Reading in a Heat Wave: Edith Wharton’s “The Mother’s Recompense” & Jane Austen’s “Persuasion”

Edith Wharton

Saturday was the last  hot day.  That’s what  the Weather Channel said.  You’d think we’d accomplish a lot indoors when it’s 100 degrees outdoors – finish writing that novel, learn to play the guitar – but in fact there is a lot of lolling around.

I did, however,  reread two short novels, Edith Wharton’s The Mother’s Recompense and Jane Austen’s  Persuasion.

I wonder if Edith Wharton is still in fashion.  I don’t see her mentioned much online. The last time I saw an essay on Wharton was in The New Yorker in 2012, by Jonathan Franzen, who is never adverse to being obnoxious.  He said that Edith Wharton wasn’t pretty.  He adds, “Edith Wharton might well be more congenial to us now if, alongside her other advantages, she looked like Grace Kelly or Jacqueline Kennedy.”


I was exasperated by this non sequitur.  Actually, I think Wharton  is pretty enough, but what does it matter?  What do Grace Kelly and Jacqueline Kennedy have to do with it?  Would anyone have said of Henry James or James Joyce, “He isn’t pretty”? 


Before I go on to The Mother’s Recompense, let me say that my favorite Wharton heroine is Lily Bart in The House of Mirth.  Every time I reread it, I am indignant and distressed over her tragedy, as well as in awe of every elegant word Wharton wrote.  How can charming, intelligent Lily fall not just a few rungs, but right off the social ladder?  Lily is desperate: she believes she should marry a rich man to support her life-style, but bungles her chances because she doesn’t like the available bachelors.  The spell of drugs (laudanum) is her only relief as she falls into debt and deeper unhappiness.  Here’s what we learn from Edith Wharton:  No Prince Charming will save Lily Bart.  People like Lily – but not enough. The mystery of fiction is our identification with characters like Lily from Old New York.
                      

I’ve made my way through most of Wharton’s work, and last week I took The Mothers Recompense (1925) off the shelf, because a writer in one of those short interviews at The Guardian or The New York Times called it an underrated classic.

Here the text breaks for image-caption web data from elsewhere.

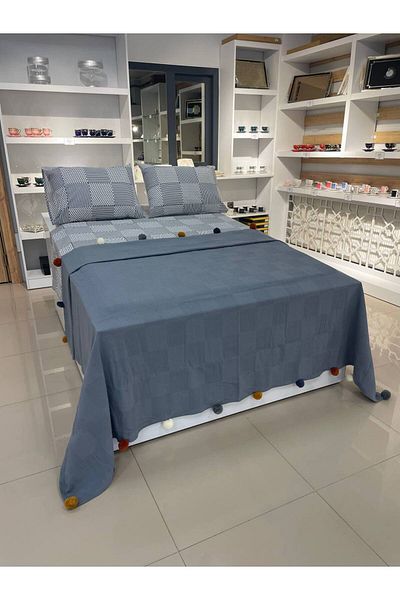 Sudemhome Double Pompom Cotton Dowry Boxed Soft Pique Set Gray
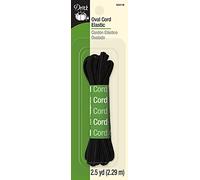 Dritz Oval Cord Elastic, 2-1/2-Yards, Black Cordón, Poliéster, Negro, 2-1/2-Yard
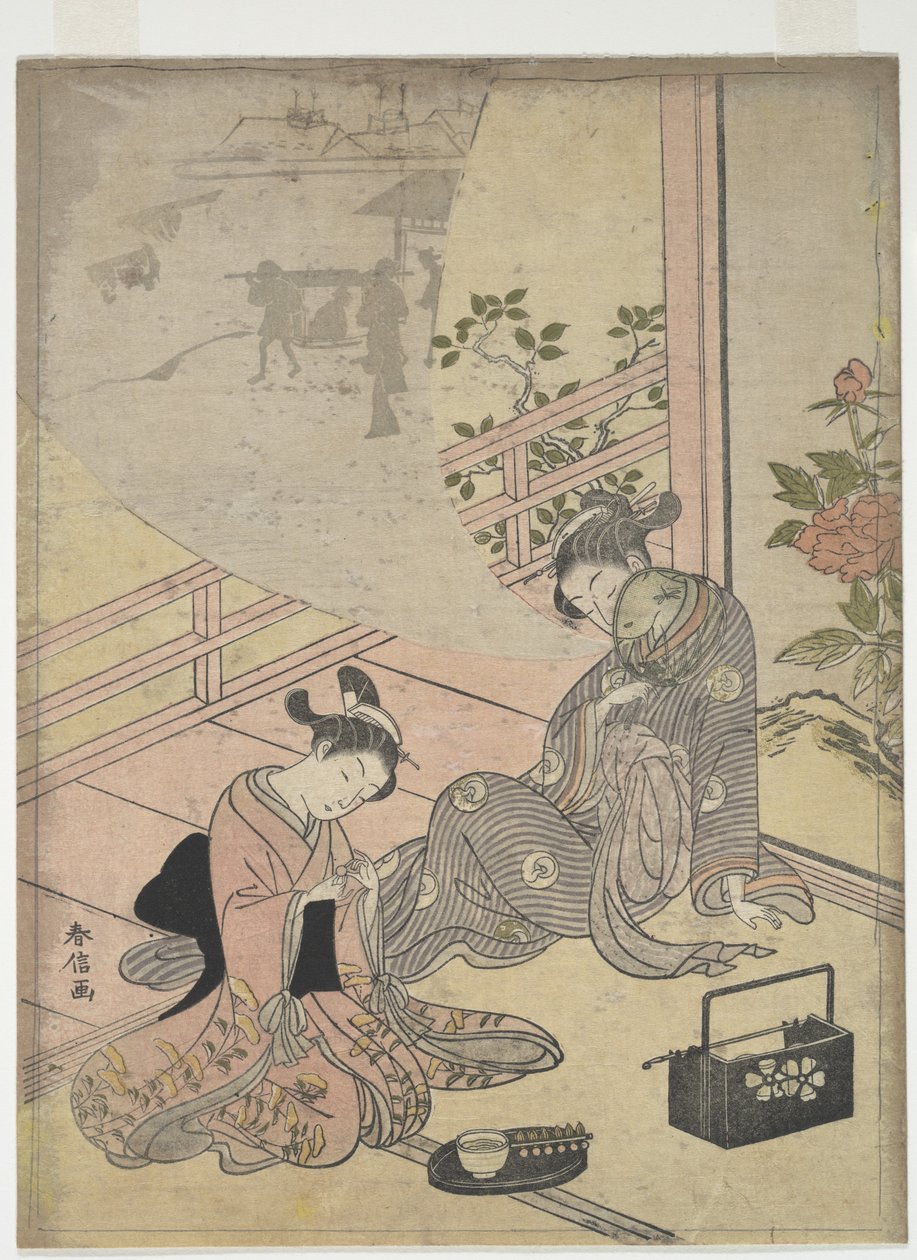 Parodia del racconto del giovane Lu: cortigiana sognante da Suzuki Harunobu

The fact that I had read The Mother’s Recompense, and didn’t remember it, might have been a portent that I would not rate it highly.  If I were a Roman augur, I would have watched some chickens or examined an animal’s entrails and then announced:  “This is not a good day to read The Mother’s Recompense.”

But even though it is far from Wharton’s best, I was riveted by this slight, tragic novel. Plot-wise, it is a page-turner. The 45-year-old American heroine, Kate Clephane, has lived on the Riviera for years, ever since she ran away from her rich husband in New York with another man from whom she soon parted.  Kate has survived in comfort, living in slightly shabby hotels, and dividing her days into periods of aimless social life, taking long drives with the elderly Mrs. Minty, dining with friends at the casino, attending a Ladies’ Guild meeting at the American church, and buying new hats.  And she often muses about her second lover, Chris, a much younger man who eventually left her, but who was the love of her life.

Kate considers herself permanently severed from her family.  And then her daughter, Anne, sends her a telegram, inviting Kate  to return to New York and live with her.  Kate’s mother-in law, the dragon lady who had forbidden Kate to visit Anne for the last 18 years, has died. 

Kate’s reunion with Anne is touching, and their relationship almost perfect, until Anne announces she is engaged to Chris.  This is a tragedy for Kate, who doesn’t know what  a mother should do in this situation. Should she tell Anne about her own relationship with Chris? Can she scare Chris away from Anne?  Either Kate or Anne will break. 

Wharton is usually a great stylist, but here we simply race through the book, not noticing that it’s less elegant than some of her best work.

A good read, not a great book.

As for Jane Austen’s Persuasion, is it not her best novel?  It is less complex than Emma and Mansfield Park, but it is stunning.

These days I read this as a sublime comedy about loneliness and the reinvention of self.  Anne Elliott has lost her bloom:  she is a lonely woman in her late twenties, who some years ago refused  Frederick Wentworth’s proposal of marriage, because her mentor, Lady Russell, said it would be unwise to marry a navy officer with uncertain prospects. Anne has never gotten over the disappointment; she still loves Frederick.  When chance brings Captain Wentworth and Anne together during her visit to her very funny, hypochondriac younger sister, Mary, the two try to avoid each other. But Anne blooms in the admiration of others, and reinvents herself, and there is, of course, romance.